Pseudowires (PWE3)

References: - Pseudowire Emulation Edge-to-Edge (PWE3) Control Word for Use over an MPLS PSN - IANA Allocations for Pseudowire Edge to Edge Emulation (PWE3)
RFC4447 - Pseudowire Setup and Maintenance Using the Label Distribution Protocol (LDP) - Encapsulation Methods for Transport of Ethernet over MPLS Networks
RFC4905 - Encapsulation Methods for Transport of Layer 2 Frames over MPLS Networks
RFC4906 - Transport of Layer 2 Frames Over MPLS
RFC4761 - Virtual Private LAN Service (VPLS) Using BGP for Auto-Discovery and Signaling
RFC4762 - Virtual Private LAN Service (VPLS) Using Label Distribution Protocol (LDP) Signaling
RFC5586 - MPLS Generic Associated Channel
RFC6624 - Layer 2 Virtual Private Networks Using BGP for Auto-Discovery and Signaling
Cisco Press - Layer 2 VPN Architectures

Draft Martini and Draft Kompella
These two IETF drafts addressed two different L2 scaling topologies and although neither were standardised both spurred on two separate working groups to develop a series of standards which are now official standards and implemented by vendors and the the names have become everyday phrases to describe the two different methods used to extend layer 2 connectivity using MPLS VPNs. Both drafts use the same encapsulation stack; Service Provider’s Layer 2 header + Tunnel Label + VC Label + Control Word + Service Payload (L2 frame).

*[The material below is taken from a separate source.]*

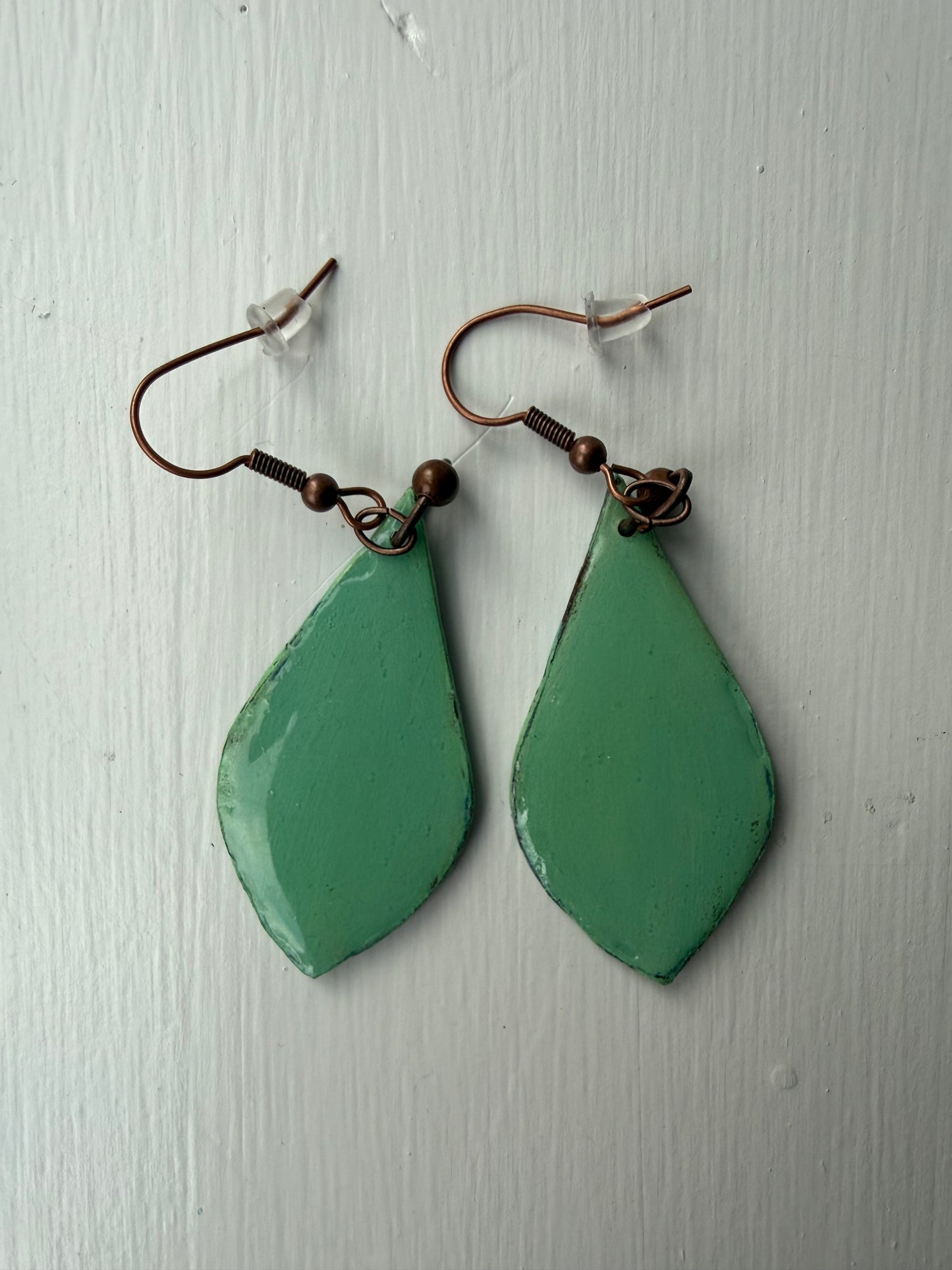 Teardrop-shaped earrings with teal background on each one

Loosly speaking the main differences are that the Martini draft addresses point-to-point pseudowires using LDP for signalling and no auto-discovery support and the Kompella draft uses BGP for signalling and auto-discovery to provide for fully meshed Layer 2 VPN services (such as VPLS). Classical Cisco IOS uses LDP for signalling without any auto discovery whilst Junos has traditionally used Kompella via BGP signalling. Cisco support RFC 4762 and Juniper RFC 4761. One can provide an LDP pseudowire (for example) between a Cisco PE and Juniper PE with minimal configuration.

Draft Martini:
This draft describes how to establish a pseudowire between two attachment circuits that are located on two peering PE devices. It also specifies the encapsulation methods for each Layer 2 service. The Label Distribution Protocol (LDP) distributes MPLS labels for various MPLS applications, including pseudowire emulation. The Draft Martini architecture is concerned with creating and managing individual point-to-point pseudowires, which have no correlation to one another. It does not support point-to-multipoint topologies nor does it support auto-discovery (using either LDP or BPG, it only uses LDP for signalling).

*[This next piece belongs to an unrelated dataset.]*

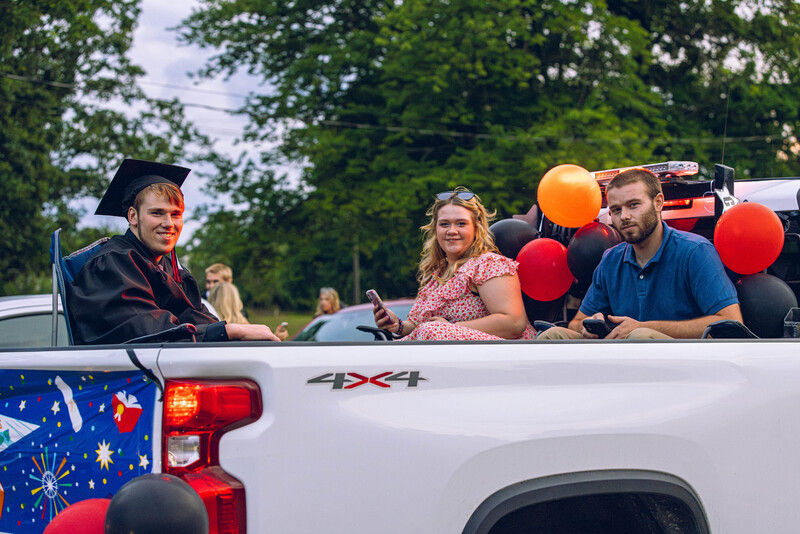 graduate in back of pickup truck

Before initiating a pseudowire to a remote PE one needs to provision the local PE with a virtual circuit (VC) ID or pseudowire ID shared by both the local and remote attachment circuit, and an IP address of the remote PE. Because the baseline LDP definition does not readily have the necessary protocol element for pseudowire signalling the draft defines a pseudowire extension for LDP. A pseudowire is considered established when the peering PE devices exchange label information for the pseudowire. Using LDP terminology this means that each PE device sends and receives a label mapping message for a given pseudowire.

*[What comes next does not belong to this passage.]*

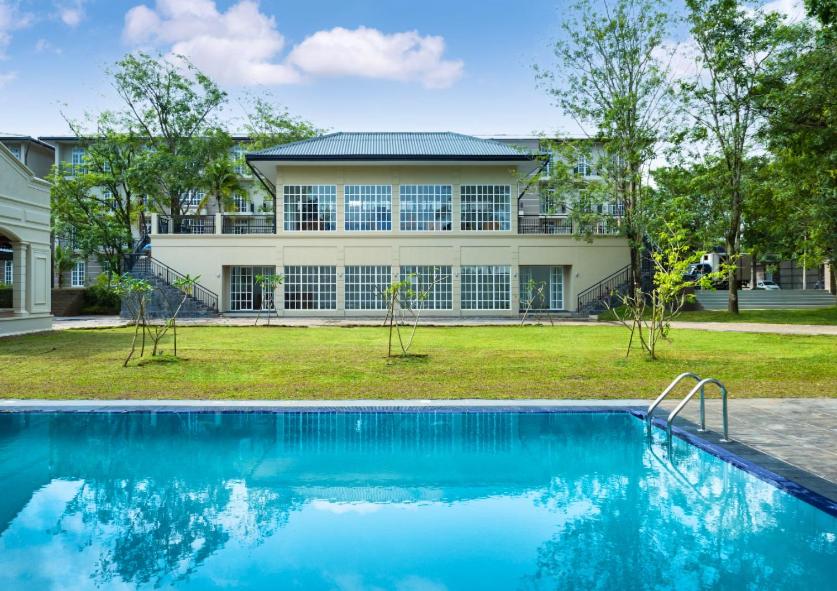 una casa con piscina delante de una casa en The Palace Gampaha by Axendra, en Gampaha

The lack of auto-discovery through a protocol like BGP means that pseudowire set up is manual (or via an automated provisioning system) and each pseudowire must be provisioned individually. Draft Martini is thus not as scalable as Draft Kompella in terms of provisioning such in a full-mesh topology when one must provision P2P pseudowires between every pair of PEs.

Draft Kompella:
Unlike Draft Martini, Draft Kompella involves complex signalling procedures and algorithms, and the provisioning scheme which is somewhat tricky works better with some Layer 2 services than others. One major objective of Draft Kompella is to tackle the inherent scalability problem of the traditional Layer 2 VPNs.

A pseudowire is needed to connect two CE devices that attach to two different PE devices. To have full connectivity among the CE devices when the number of CE devices increases, the number of pseudowires that needs to be established and managed grows exponentially. In addition, every time you add a new CE device or move an existing CE device to attach to a different PE device, you must reconfigure all the PE devices that are participating in this VPN to maintain the full-mesh connectivity. This can become a labour-intensive task for network operators. The draft attempts to solve the scaling problem by over-provisioning the number of attachment circuits needed for current CE devices so that the existing CE and its PE devices do not need to be reconfigured when adding a new CE to a VPN. The basic premise for over-provisioning is that the attachment circuits between CE and PE devices are relatively cheap.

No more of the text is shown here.